Category : Uncategorized
A third giraffe has died at the famously incompetent Greater Vancouver Zoo in less than one year. Last November, a female named Eleah and her son, Amryn, died within a week of each other; while ensuing necropsies didn’t reveal the cause, the Vancouver Humane Society noted that as African animals, giraffes are particularly susceptible to cold weather and have been known to die as a result of exposure in the past. (You can read our blog post about it here.) Jafira, Eleah’s mate and Amryn’s father, was alone in his enclosure until the Greater Vancouver Zoo bought another male giraffe to keep him company.
This Sunday, Jafira died. He was 12 years old, less than half the lifespan of an average giraffe, captive or wild.
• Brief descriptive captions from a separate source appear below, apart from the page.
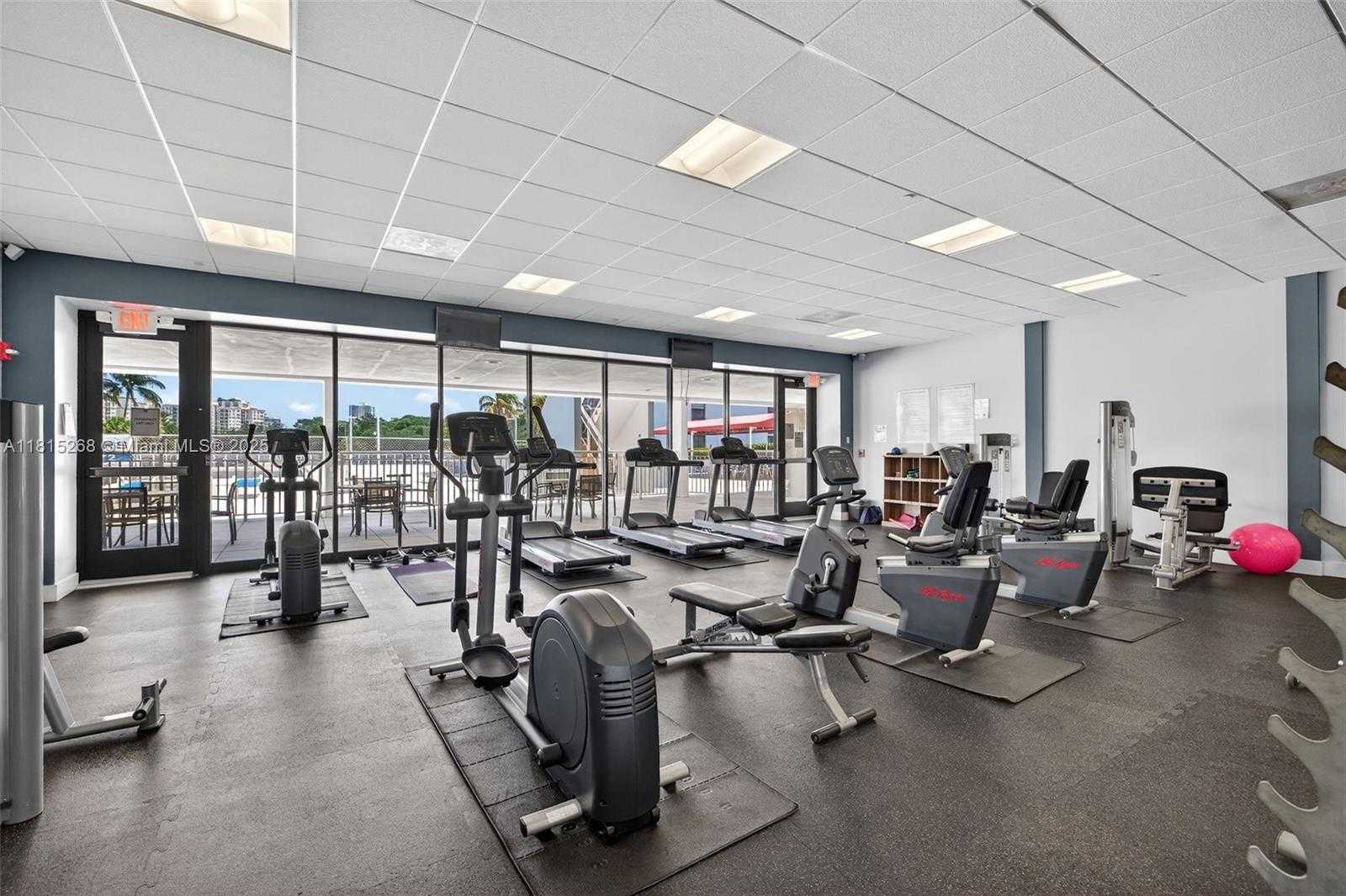 Small Image of 3675 NORTH COUNTRY CLUB DR #401, Aventura Number 44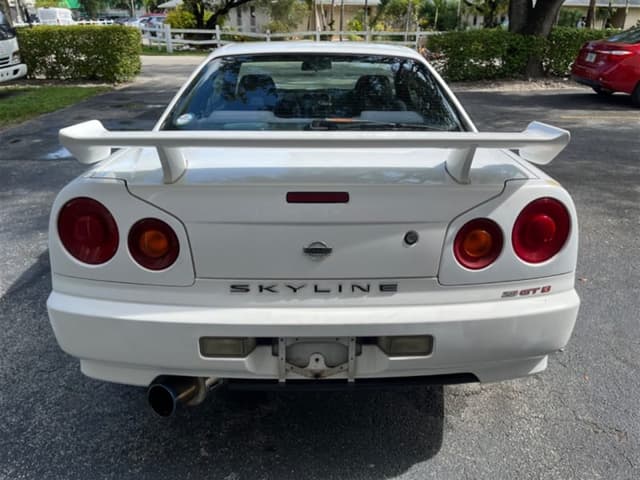 1998 Nissan Skyline JDM car for sale — photo 6 of 17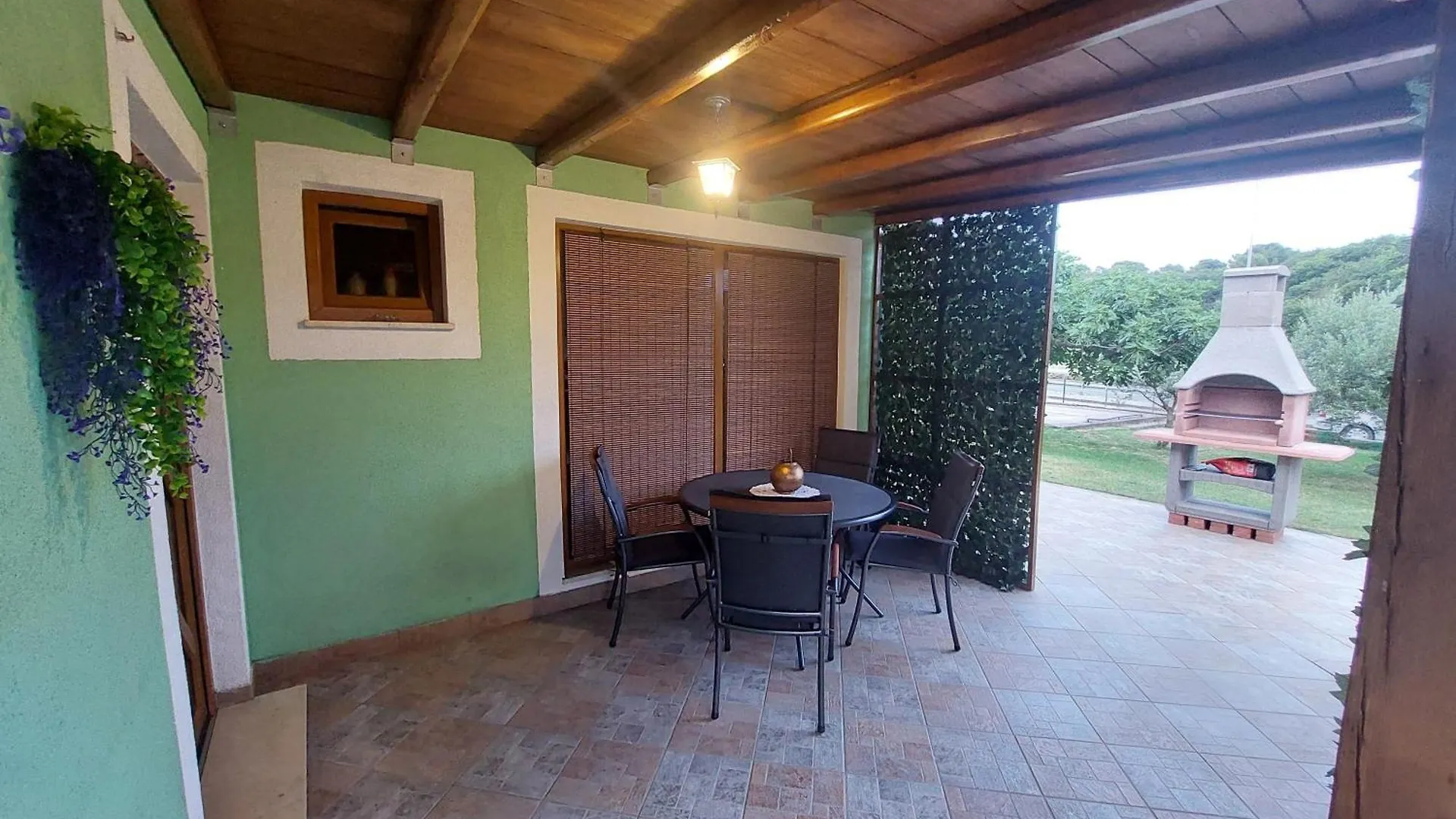 Apartamento Apartman Forest Queen Pula
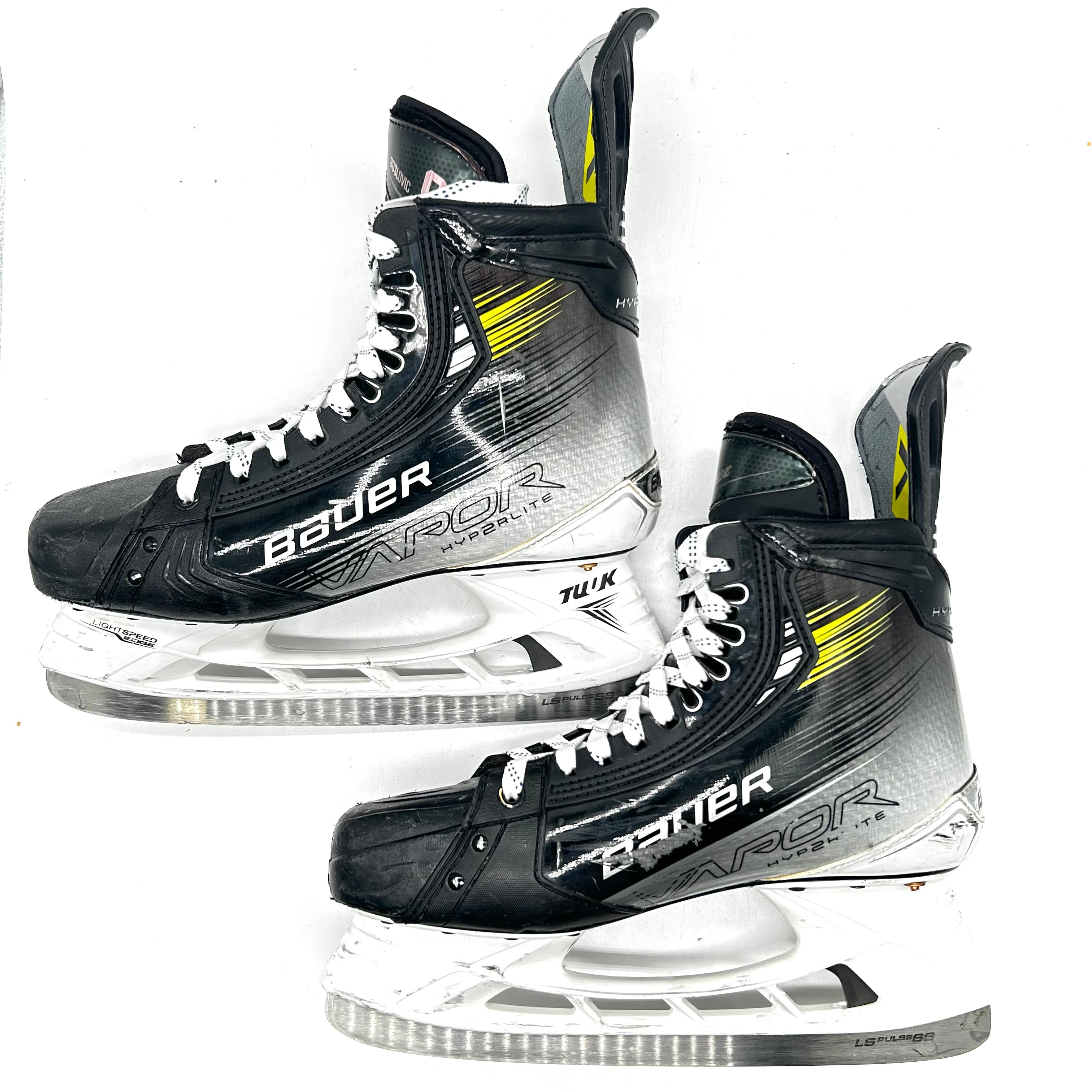 Bauer Vapor Hyperlite 2 - Used NHL Pro Stock Skates - Jack Roslovic - Size 9.5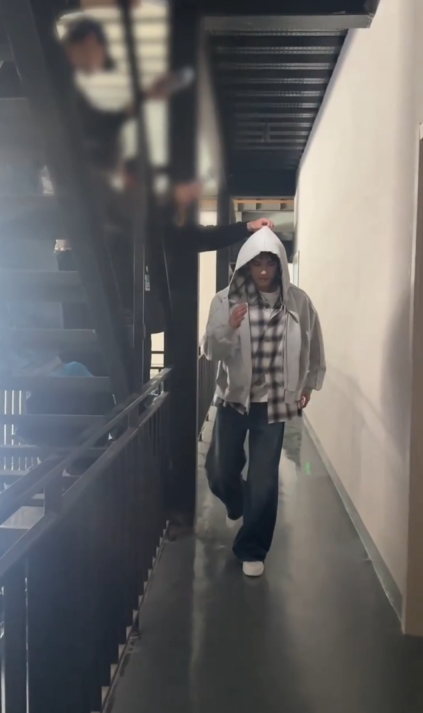 吴磊谁教你这么边走边脱衣服的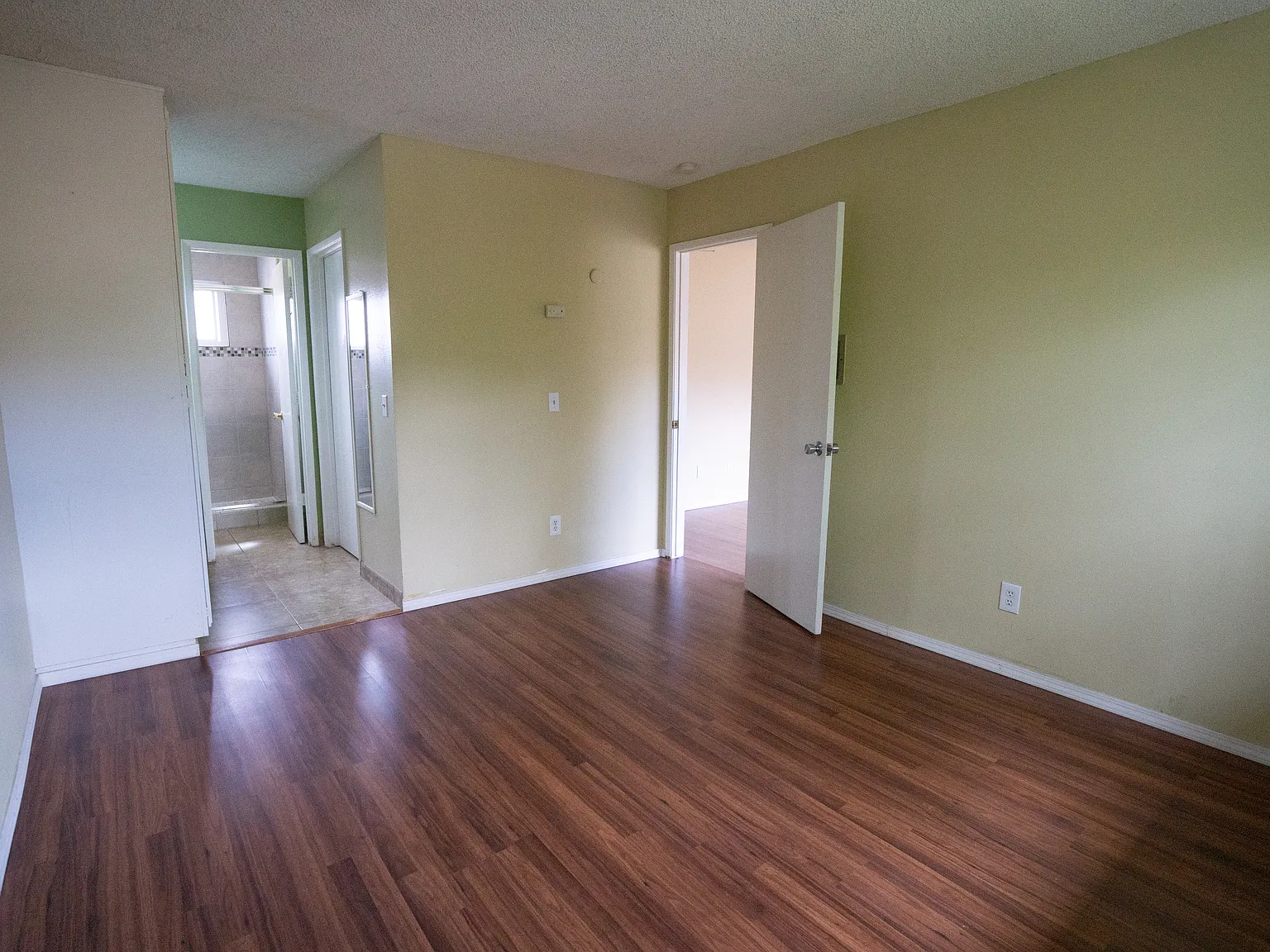 1 bed, 654 sqft, $1,725 — Photo 4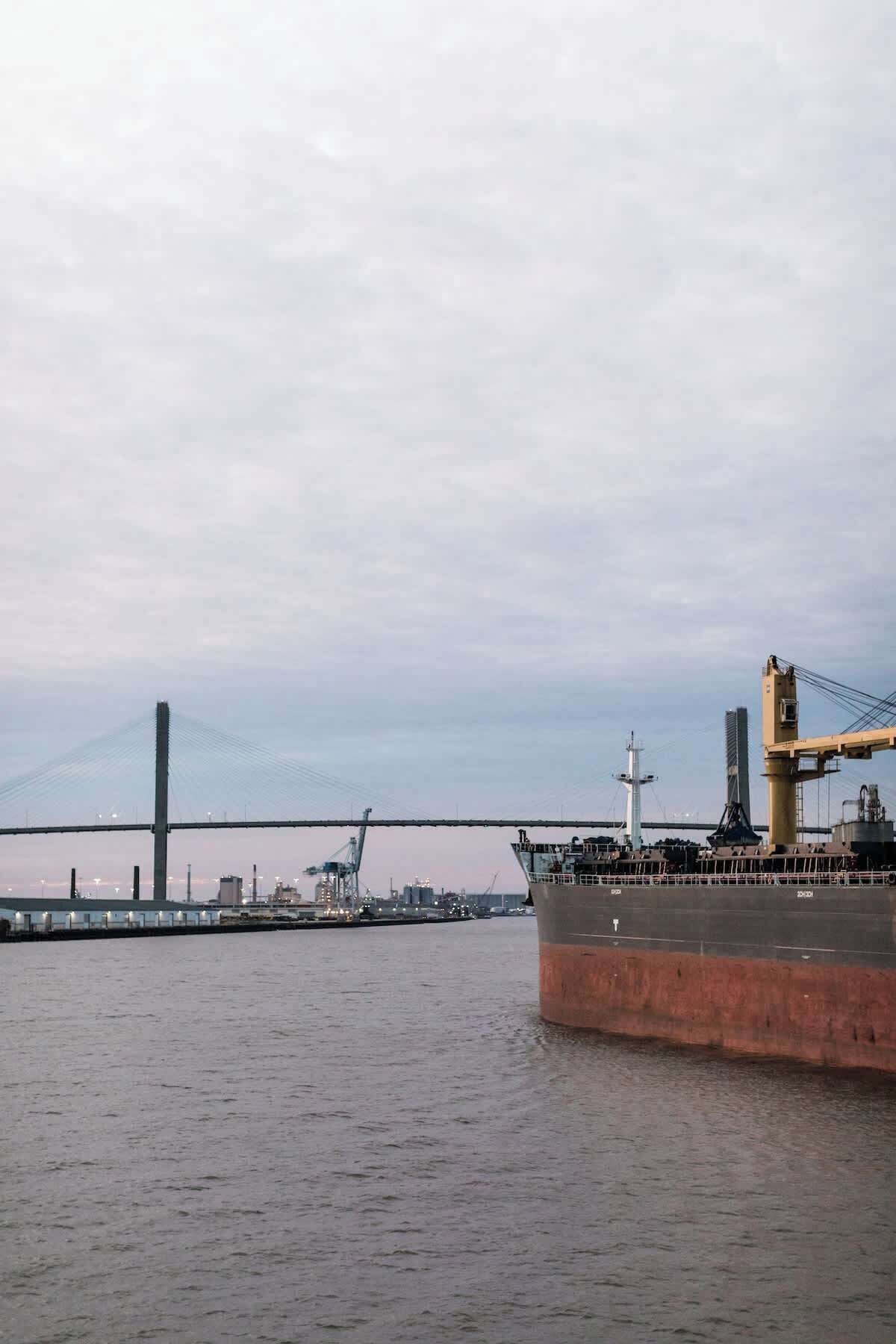 Located near the beautiful Savannah River, perfect for peaceful walks and waterfront views!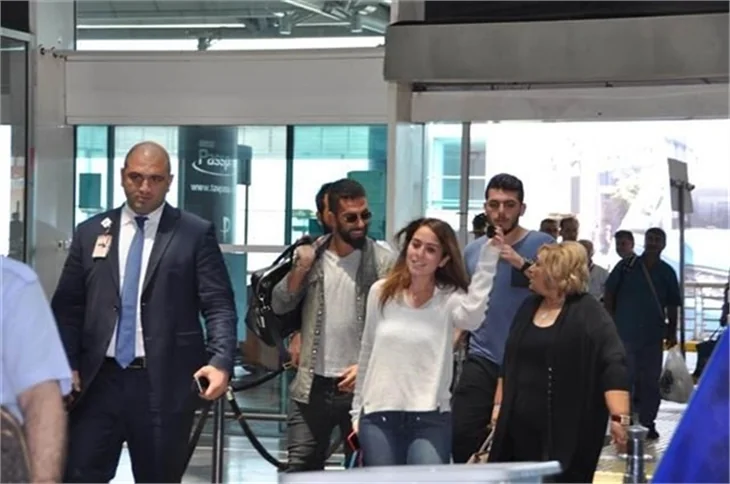 Arda Turan imza için Barcelona'ya gitti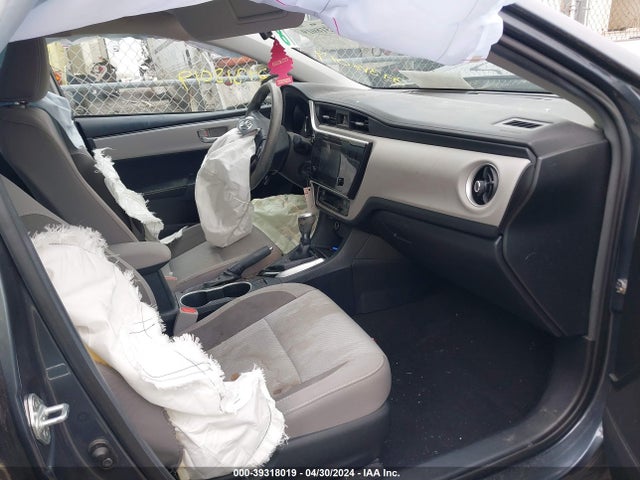 Toyota COROLLA LE 2018 2T1BURHE6JC984439 Image 5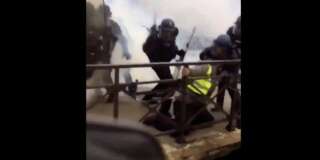 Capture de la vidéo montrant un gilet jaune matraqué au sol par un gendarme mobile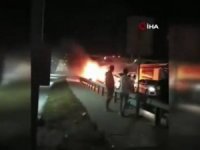 Seyir Halindeki Otomobil Alev Topuna Döndü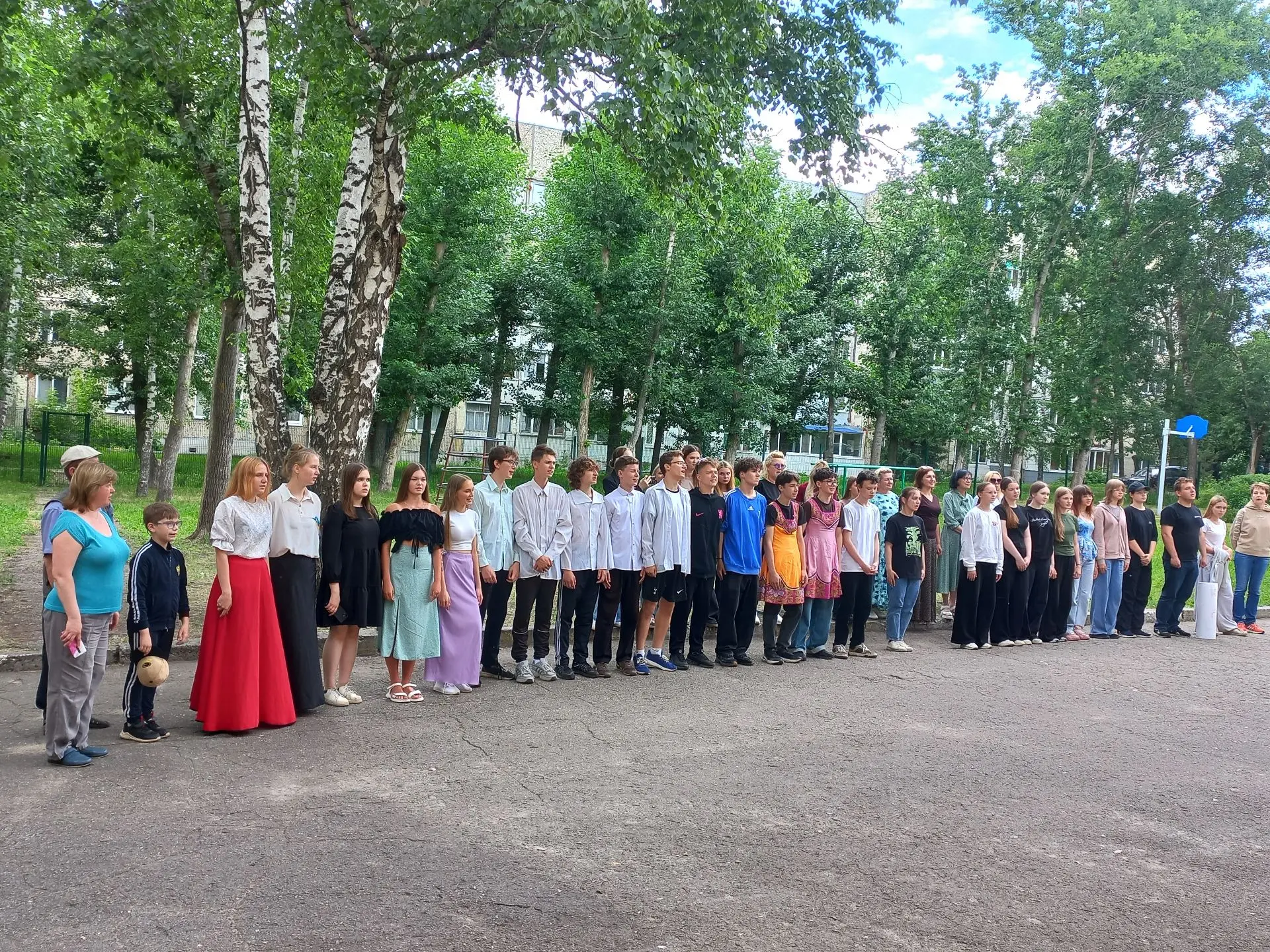 Вторая смена лагеря «Винновская гора»: работаем и помним историю! 🤝🌳
Сегодня, 17 июня, в ЦДТ № 6 о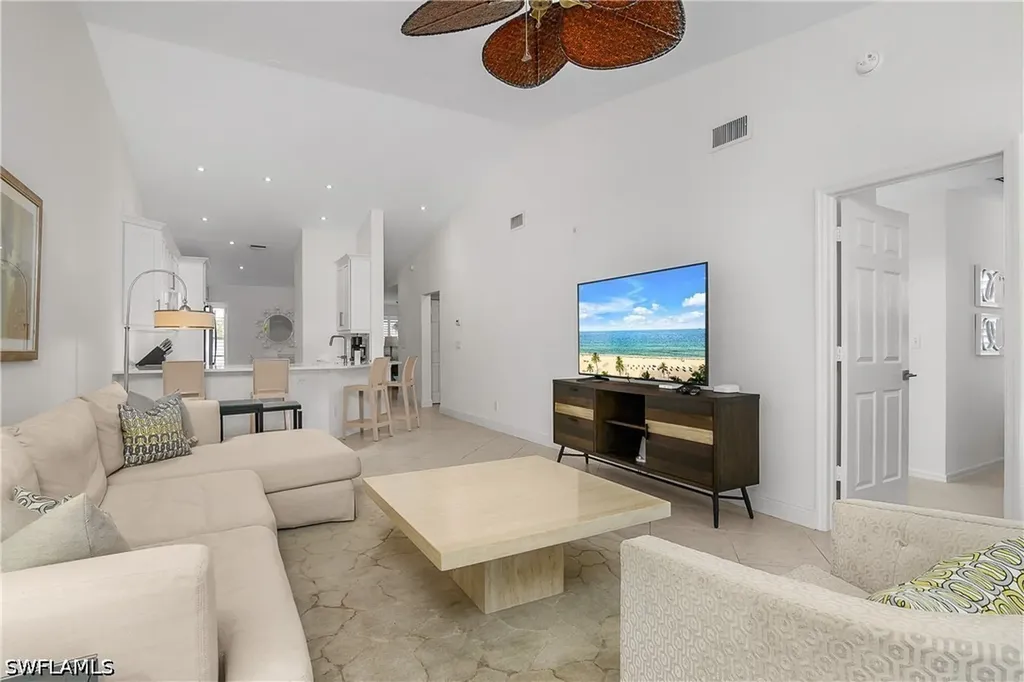 853 Tanbark Drive Naples FL 34108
Zoo staff, who say that he was “completely healthy”, found him collapsed in his enclosure that morning, and a necropsy is scheduled. I wonder whether if it will be as inconclusive as last years’ were?
In the meantime, what will become of the last giraffe at the Greater Vancouver Zoo? Will they just buy another one, as they did when Eleah and Amryn died? Ideally, he would be sent to a sanctuary of some sort, assuming there even are sanctuaries that can take giraffes. (A quick search showed me that there’s at least a couple, but they all seem to be in Kenya.) And while no zoos are good zoos, some zoos are worse than others: case in point, the Greater Vancouver Zoo. Perhaps the remaining giraffe could be sent to another facility that has a larger herd of giraffes and a less pathetic track record when it comes to keeping them alive.
I don’t know that there are any easy answers here, but there’s at least one easy solution: don’t support zoos. They are not the bastions of education and conservation that they claim to be and they do more harm than good. So if you’re concerned about wild animals–and who isn’t?–skip the zoo and donate the cost of a ticket to a worthy charity that actually works to protect wild animals, rather than just paying lip-service to the idea. (Be careful not to give your money to groups that claim to care about animals while supporting hunting and trapping and other forms of “wildlife management”, like the Sierra Club, the National Wildlife Federation, and the Nature Conservancy.) One particularly great organization that I learned about recently is the Amboseli Elephant Research Project, which protects about 52 wild elephant families, or approximately 1,400 elephants, in Kenya. They have an annual operating budget of $400,000–some zoos spend that amount to maintain just 4 captive elephants for a year!
Do you have any favourite wildlife charities? Let us know in the comments!
Update, Nov. 7th: “The BC SPCA says its investigation into the death of a giraffe at the Greater Vancouver Zoo is being hampered because workers refuse to share key information. SPCA spokeswoman Lorie Chortyk said her organization has been forced to seek a warrant to obtain documents the zoo could simply hand over willingly.” (article)
Way to go, GVZ, we certainly couldn’t expect any more from you.